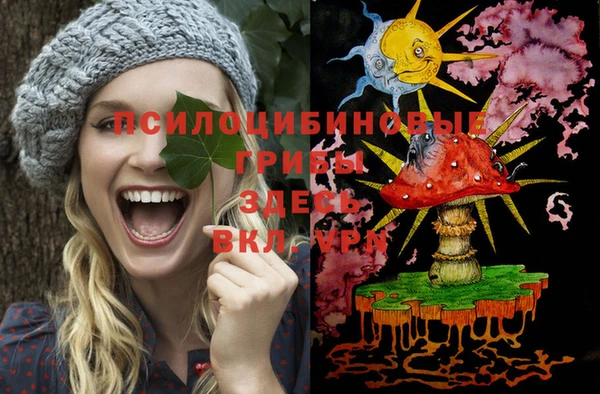 PSILOCYBIN Беломорск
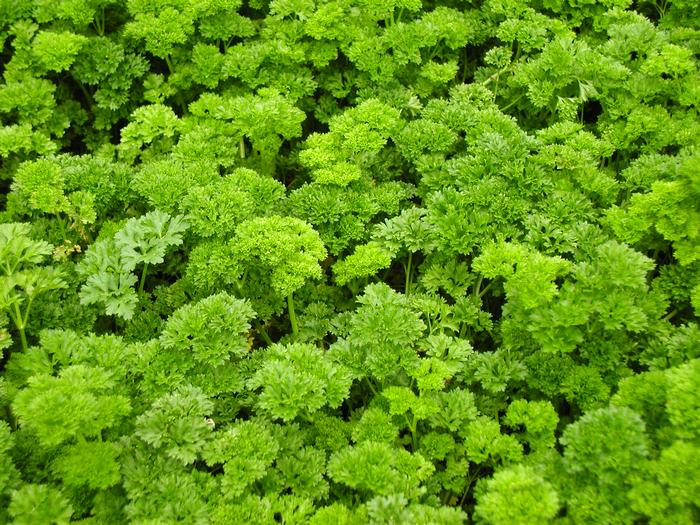 Petroselinum crispum 'Krausa' Parsley 'Krausa' from Plantworks Nursery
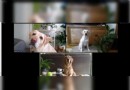 Als Hunde und Katzen im Internet mit lustigen Spielen und mehr Kontakte knüpften 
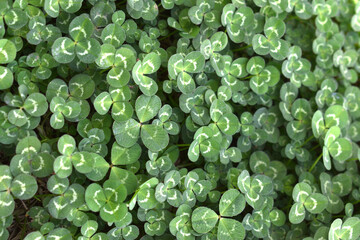 a lot of clovers seen up close forming wallpapers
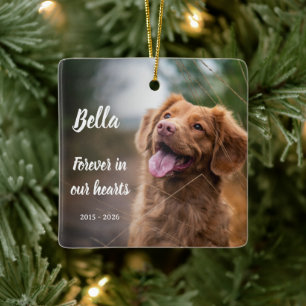 Pet loss memorial keepsake ceramic ornament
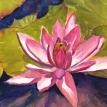Day 53 - Pink Waterlily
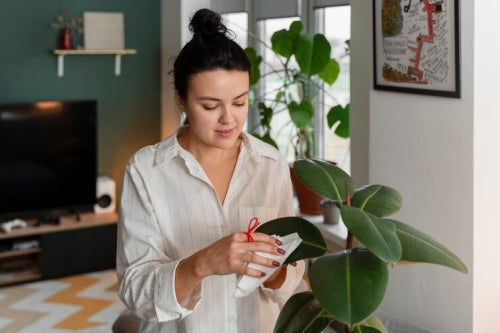 What to Consider When Selecting Plant Based Skincare Products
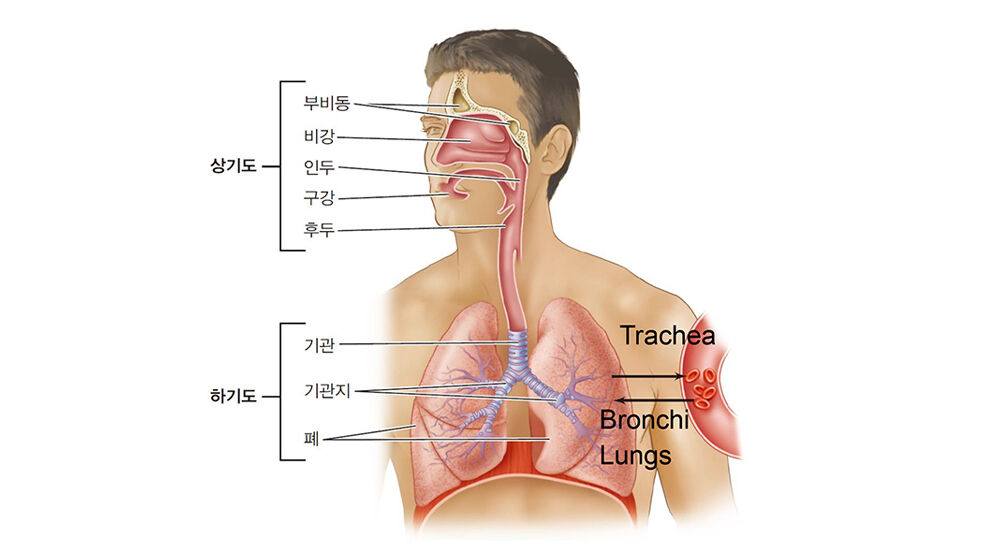 출처 : BROCK의 미생물학
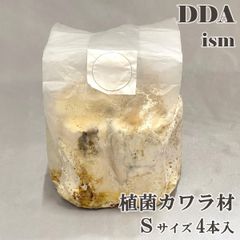 【DDA】植菌カワラ材 Sサイズ 4本入 加水不要 dda クワガタ 産卵木 クヌギ コナラ カワラ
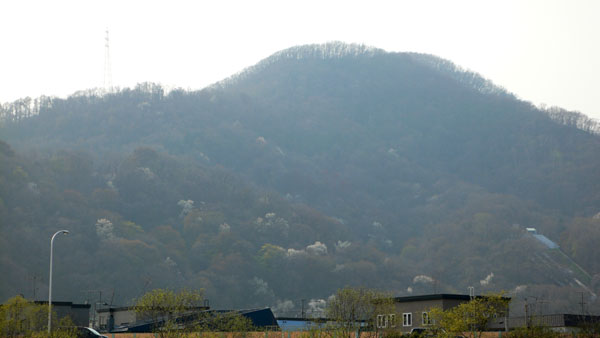 a0046429_10422765.jpg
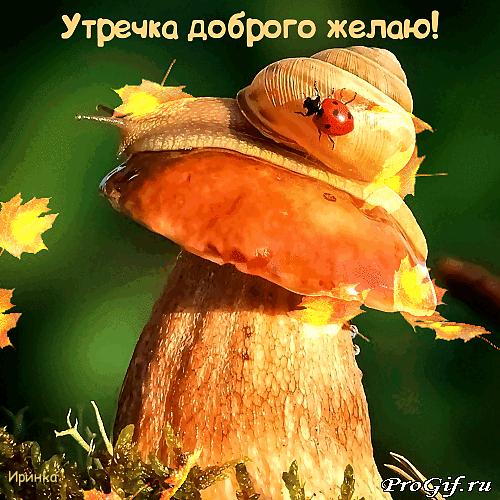 Утречка доброго желаю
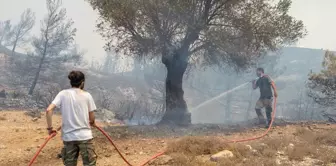 Rodos Adası'nda 19 Bin Kişi Tahliye Edildi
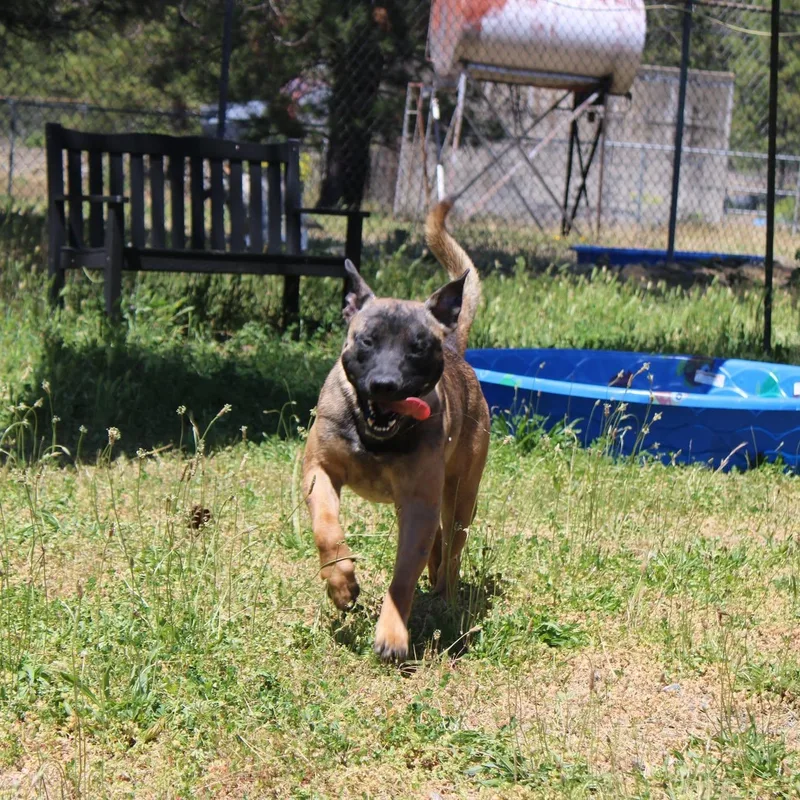 An adult large-sized male Yellow / Tan / Blond / Fawn Belgian Shepherd / Malinois dog named Boba for adoption in Weaverville, CA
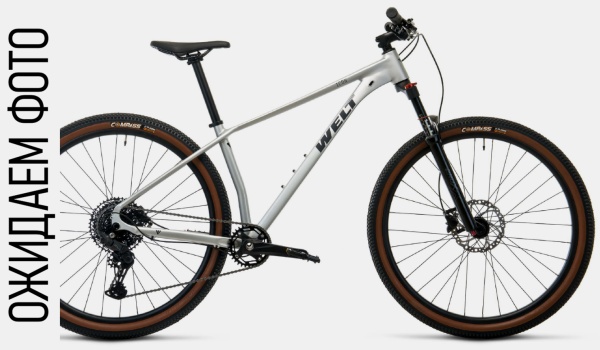 Велосипед Welt Icon 3.0 29 (2026)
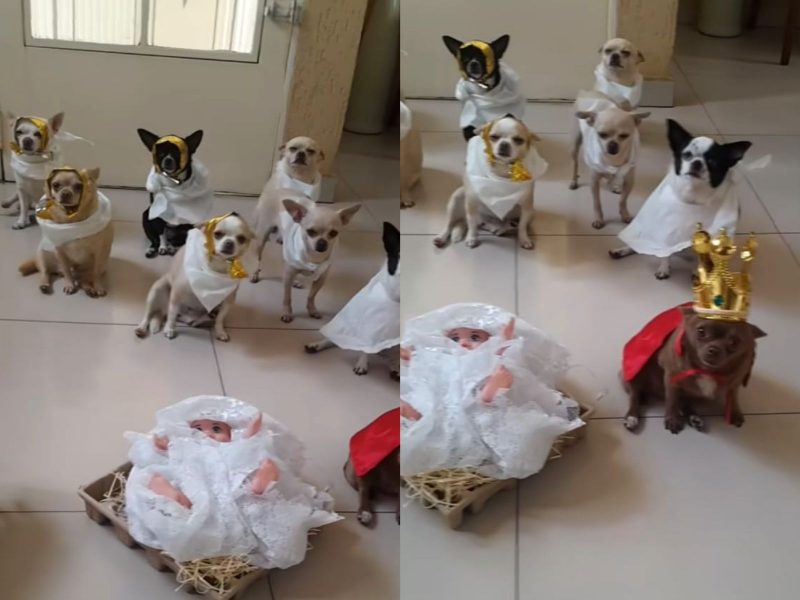 A imagem mostra o presépio com cachorrinhos.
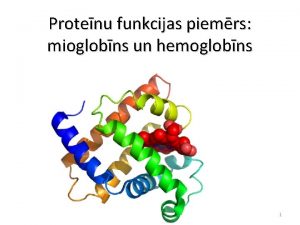 Protenu funkcijas piemrs mioglobns un hemoglobns 1 Skbekli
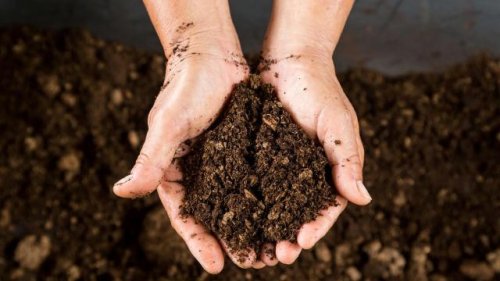What is ‘carbon farming’? How soil could hold a major key in preventing Earth’s overheating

◆ TASK REQUIREMENTS:
Your answer must be the lines from the one containing "A imagem mostra o presépio com cachorrinhos." through the last line of the records, printed exactly with no pictures; please include both ends.

◆ EXERCISE ANSWER:
 A imagem mostra o presépio com cachorrinhos.
 Protenu funkcijas piemrs mioglobns un hemoglobns 1 Skbekli
What is ‘carbon farming’? How soil could hold a major key in preventing Earth’s overheating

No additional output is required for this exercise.